Satellite-based data are the necessary choice for studying the soil condition in Iran, where there is a lack of ground measurements. As the first attempt in Iran, this study investigated the long-term remote sensing SSM and VIs and examined the consistency of SSM and VIs trends. SSM trend was found negative (declining) in most parts of Iran. As a result, 50% (spring) and 35% (summer) of Iran have experienced drier conditions during the past 28 years. The results of this study confirm the negative influences of global warming on desertification, which is also reported by Dorigo et al. (2012) and Qiu et al. (2016).

In 45% of the country, SSM trends agree well in sign with the NDVI variations. However, by applying the consistency test, this agreement is reduced to 35%. Despite the SSM reduction, vegetation indices have been increased in sparse vegetated areas, in particular in Southeast of Iran. Since the spectral of soil and vegetation in such areas are mixed, vegetation assessment using satellite-based VIs in sparse vegetated areas should be done with more care and attention.

Soil erodibility is linked to land surface elements such as soil moisture and vegetation cover (Abulaiti et al. 2014; Ishizuka et al. 2012; Kimura et al. 2009). Vegetation cover can quench dust outbreaks (Han et al. 2011; Kimura et al. 2009), and wind erosion decreases with increasing soil moisture (Ishizuka et al. 2012). Therefore, long-term negative trends of SSM and VIS in Iran have to be considered for environmental management in order to control the desertification and soil erosion.

The relationship between SSM and NDVI is very complicated since the vegetation type, land cover, and vegetation density play a crucial role.
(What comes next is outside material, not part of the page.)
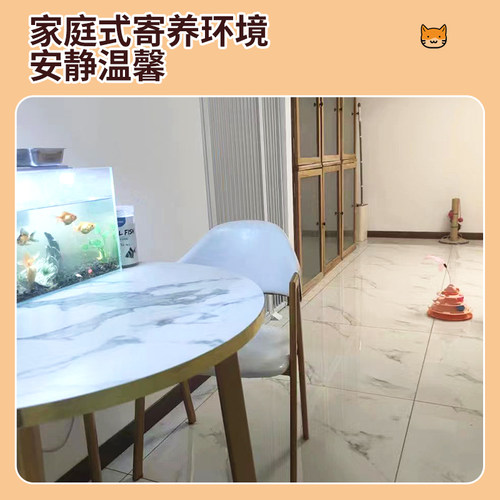 上海/苏州宠物寄养猫咪代管猫猫兔子龙猫仓鼠小宠托管长短期代养 - 图1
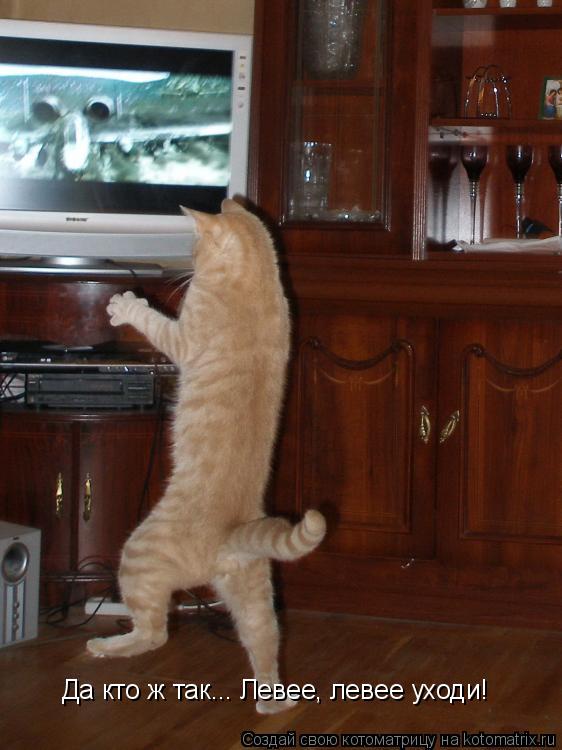 Котоматрица: Да кто ж так... Левее, левее уходи!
In order to get more accurate results, further works are required by using detailed ground land cover, land use, regional precipitation regimes, vegetation density, and soil properties.

Unfortunately, a few unpublished case study projects (unpublished) have been done over Iran to investigate the effects natural and human-made factors affecting soil moisture. Most of the published works (case study; one or two sites) have been focused on soil quality, soil fertility, and soil chemical components (e.g., Abaslou and Abtahi 2008; Akbari et al. 2014; Eghdami et al. 2019; Jalali and Khanlari 2014).

Consequently, there is a need to conduct new works for evaluating the integrated impacts of natural and man-made on soil moisture variations in country scale.